Il "démolit" aussi beaucoup de présupposés : le rôle hypertrophié des chrétiens d'Orient qui, même si ils ont joué un rôle en tant que médecins et traducteurs (les nestoriens, comme la famille d'Hunayn Ibn Ishaq, etc), ce n'est pas du fait de leur religion mais les conditions particulières où ils vivaient, autrement, les Omeyyades (661-650), qui monopolisaient les chrétiens dans leur administration (dont le fameux Jean de Damas), auraient connu le même "phénomène social" de traduction, ce qui ne fût nullement le cas, lié en réalité à la nature des chrétiens de Syrie (sous influence byzantine, ils répudiaient la culture grecque "séculière").

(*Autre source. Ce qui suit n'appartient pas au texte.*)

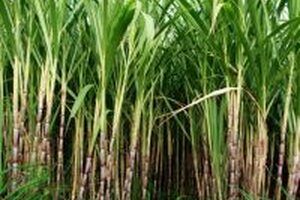 Cây mía chữa bệnh tiểu đường có được không?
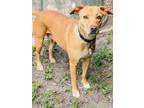Adopt Princess a Labrador Retriever / Mixed dog in St Augustine, FL (39456834)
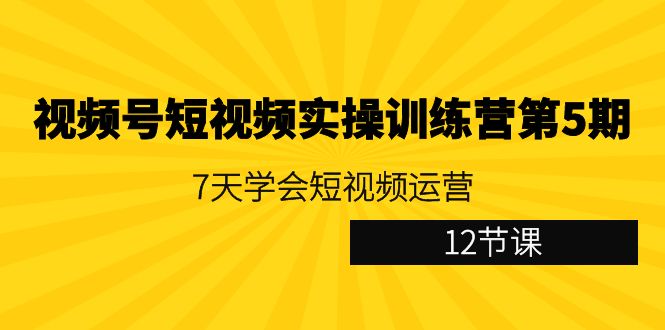 视频号短视频实操训练营第5期：7天学会短视频运营（12节课）-甘南项目网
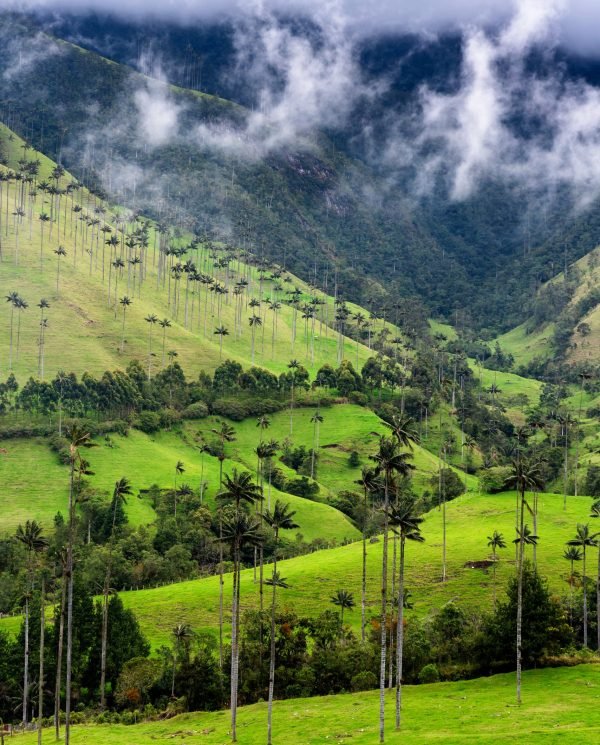 landscape-of-wax-palm-trees-ceroxylon-quindiuense-2026-01-09-14-34-56-utc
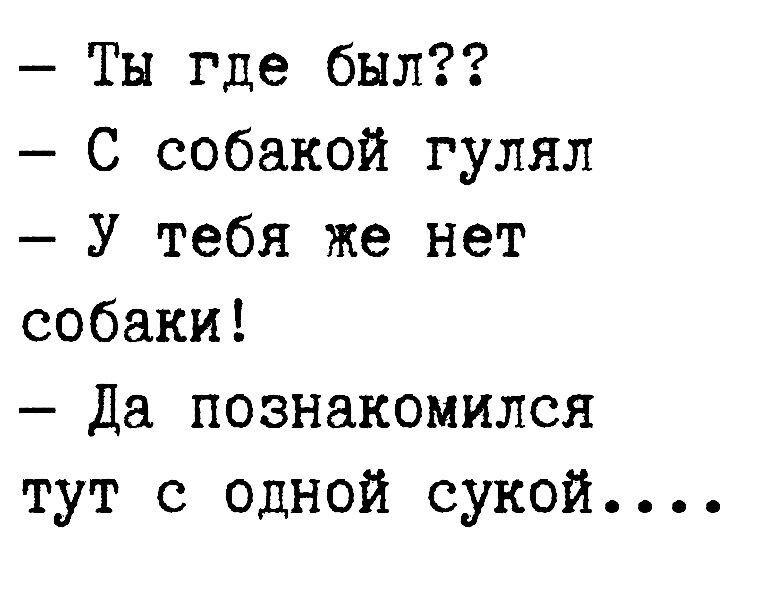 Ты где был С собакой гулял У тебя же нет собаки Да познакомился тут с одной сукой
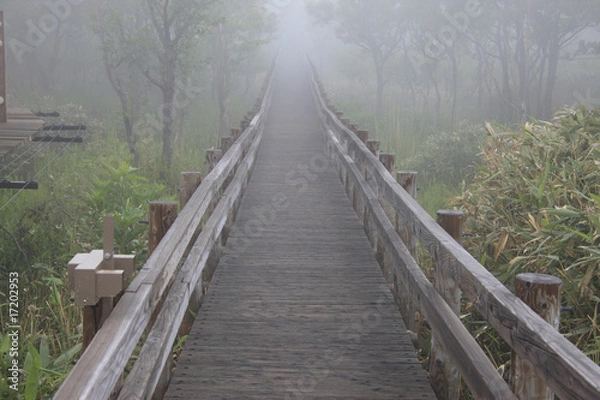 Fototapeta 知床五湖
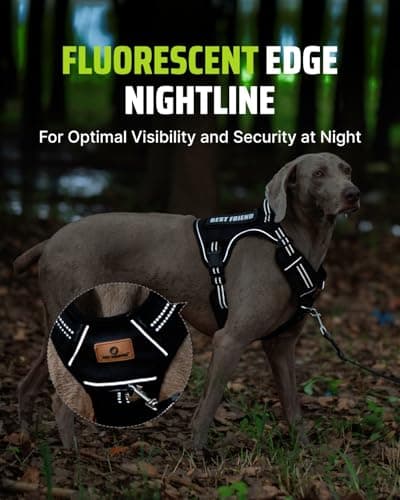 Tactical Dog Harness No-Pull Military Vest for Medium & Large Dogs, Adjustable Reflective Escape-Proof Vest with MOLLE System, Handle Control for Training, Walking, Outdoor – Black - Thumbnail 5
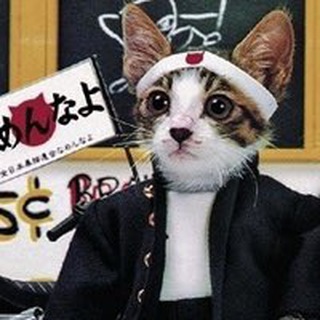 Логотип телеграм канала @modern_ecstasy — modern ecstasy 🎡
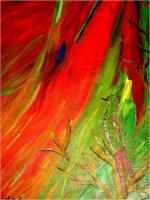 Watching Bird As Greeting Card
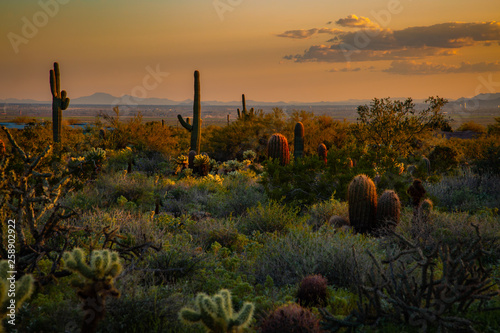 Φωτογραφία The Sonoran Desert in the southwestern United States is home to a variety of plants and cactus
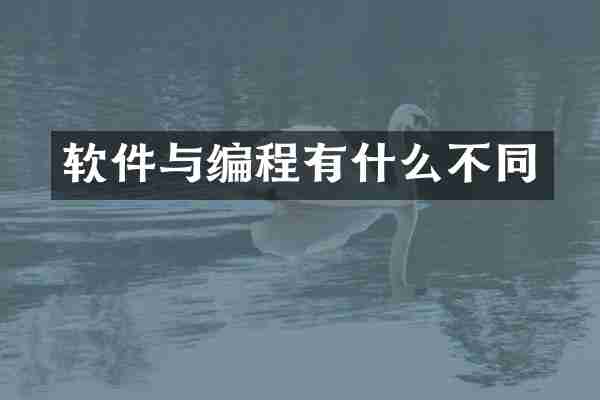 软件与编程有什么不同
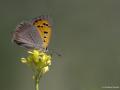 Lycaena phlaeas (Beneklibakırgüzeli)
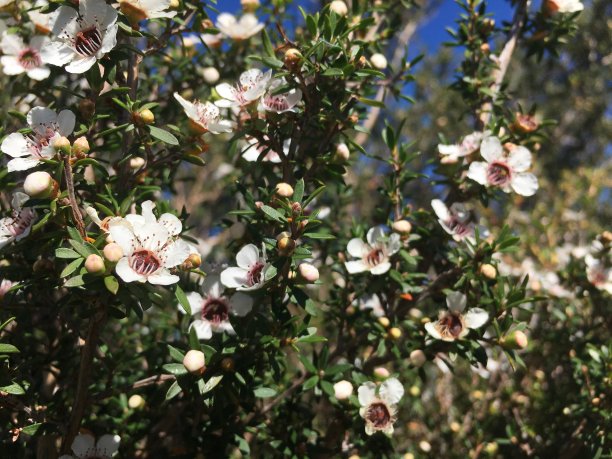 Manuka (Leptospermum Scoparium)新西兰的茶树图片下载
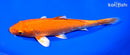 7.25" ORENJI OGON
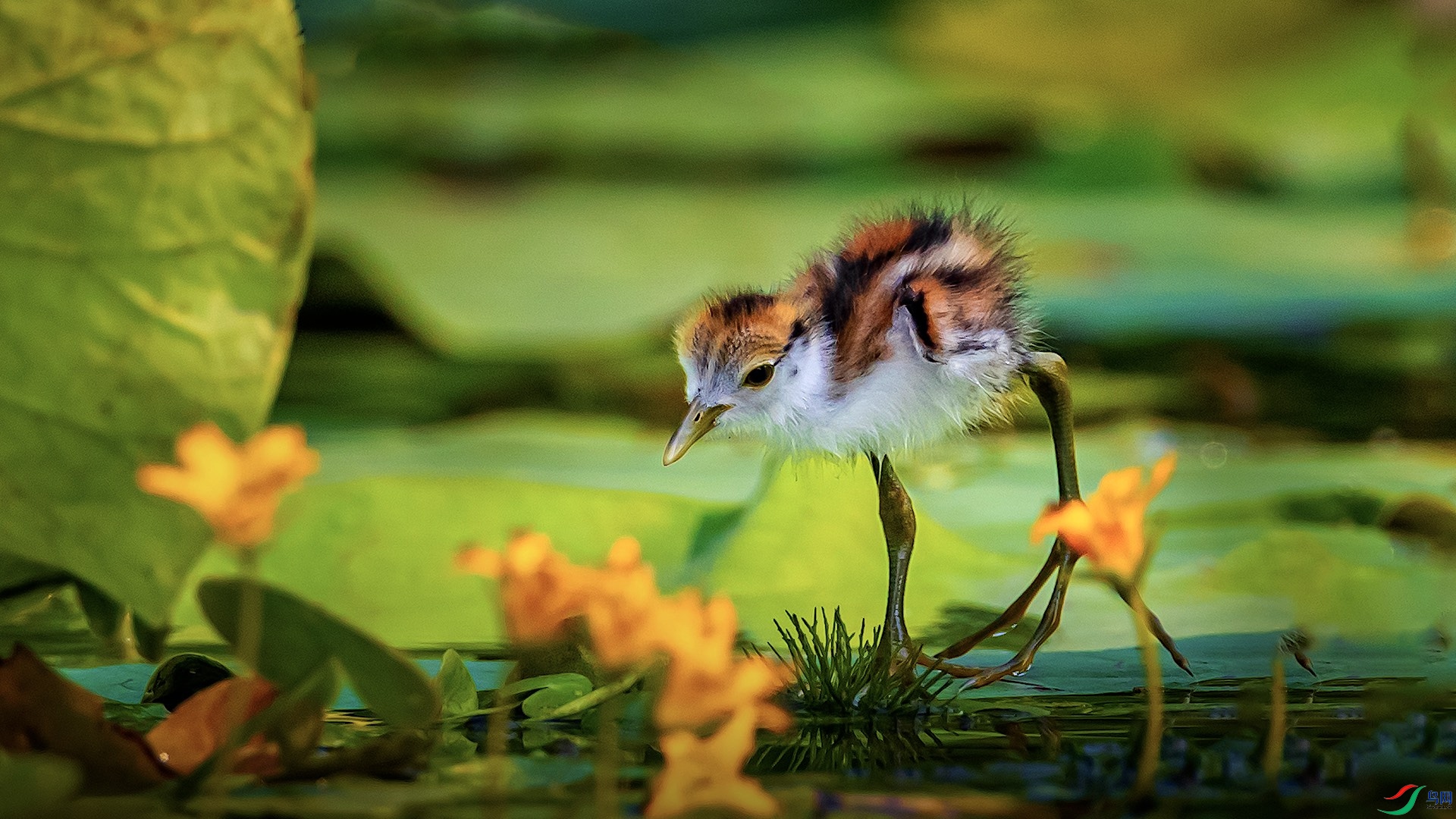 1_M1I8366-1 ����.jpg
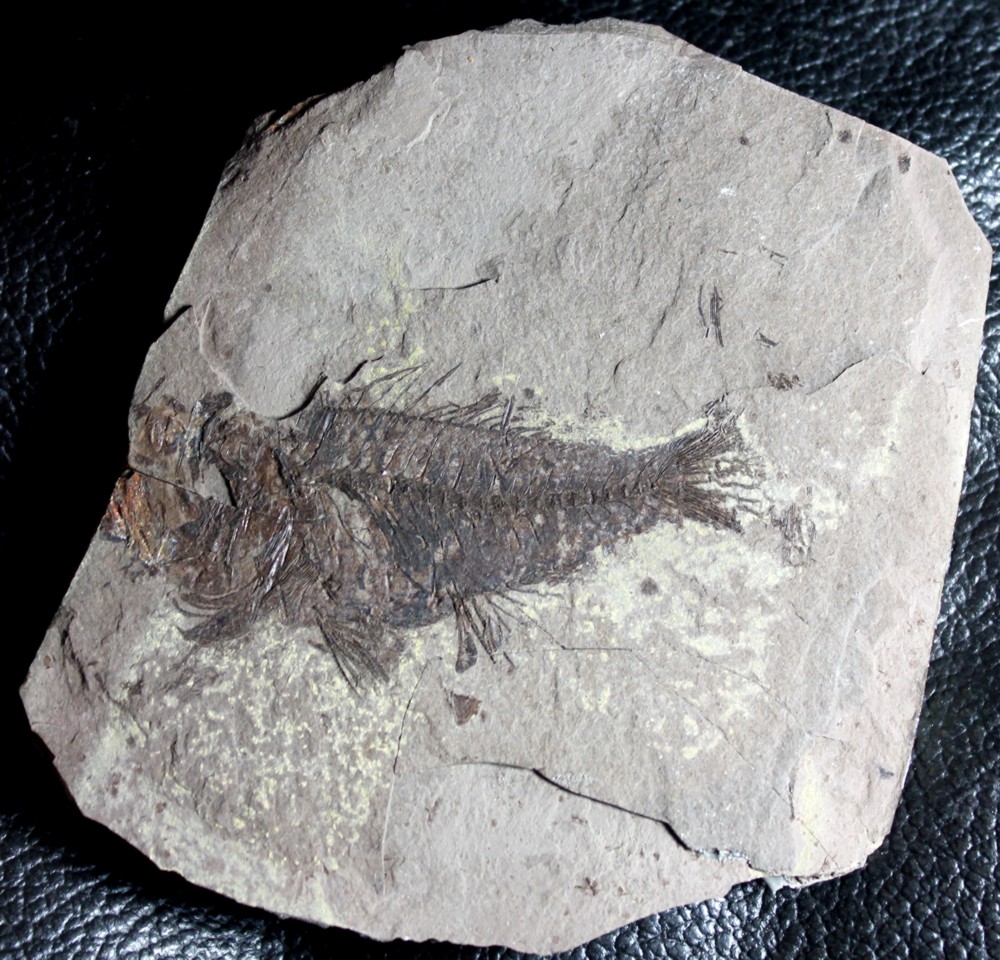 Maicopiella longimana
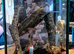Tarantulas and true spiders forsale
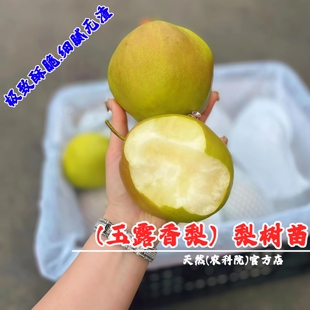 嫁接山西玉露香梨树苗盆栽庭院地栽雨露特大酥梨苗南北方种植果苗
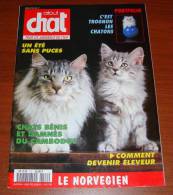 Atout Chat 112 Juin 1994 Chats Bénis Et Damnés Du Cambodge Comment Devenir Éleveur - Animali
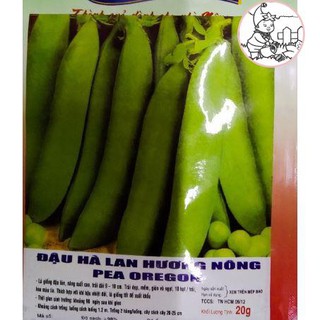 HẠT ĐẬU HÀ LAN - GÓI 20 GRAM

Nous apprenons aussi que "l'humanisme byzantin" du neuvième siècle est né en réaction au mouvement de traduction vers l'arabe, alors que Byzance avait abandonné ses assises antiques (le débat autour de l'iconoclasme en est un reflet), contrairement aux théories de "certains" historiens qui veulent nous convaincre que la science et la philosophie ont toujours été une part intégrale de la société byzantine qui, il faut le rappeller comme Gutas, n'avait pas de tradition de librairie et de production de manuscrits (pour des raisons techniques aussi bien que culturelles), et il est aisé de prouver qu'un habitant "normal" de Bagdad avait plus d'ouvrages dans sa bibliothèque privée que le plus riche savant de Byzance (ou d'Europe occidentale, d'ailleurs.)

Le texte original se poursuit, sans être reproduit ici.